Deutsches Theatre (Berlin, DE)
Aeschylus:
THE PERSIANS / DIE PERSER
Director: Dimiter Gotscheff
27.09. 20:00, 28.09. 20:00
Yugoslav Drama Theatre
Duration : 90 min.

The German critics proclaimed Persians staged by the Deutsches Theatre in Berlin and directed by Dimiter Gotscheff the best production of the last season. The first-rate actors perform the tragedy of the vanquished, a topical subject in modiern history, whose defeat determined the tragic future of their people.

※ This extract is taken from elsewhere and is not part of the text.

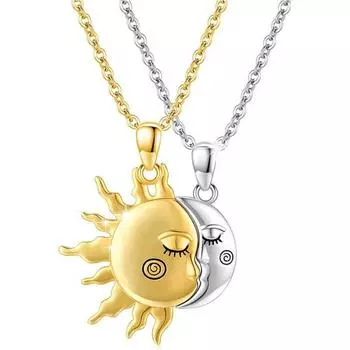 Ожерелье с подвеской в виде лица Солнца и Луны для мужчин и женщин, подвеска с магнитами для выражения любви, ювелирный подарок single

In 480 BC the Persians lost the Battle of Salamis to the Greeks, whom they had previously oppressed. Eight years later a Greek wrote about this major event from the defeated enemy’s point of view. The Persians is now the world’s oldest surviving play. In it, a nation recognizes its glory days are over. The tragedy is an “organized nervous breakdown” (as translator Durs Grünbein describes it), a never-ending cry for help translated into words. Aeschylus lets those responsible for the fiasco have their say, from the Chorus of Elders to the defeated military commander, King Xerxes. The playwright examines contemporary history, but from a viewpoint that incorporates both past and future. He shows that the winners of today are the losers of tomorrow. Even when the dead are quickly buried and forgotten, they remain present. In his theatrical works.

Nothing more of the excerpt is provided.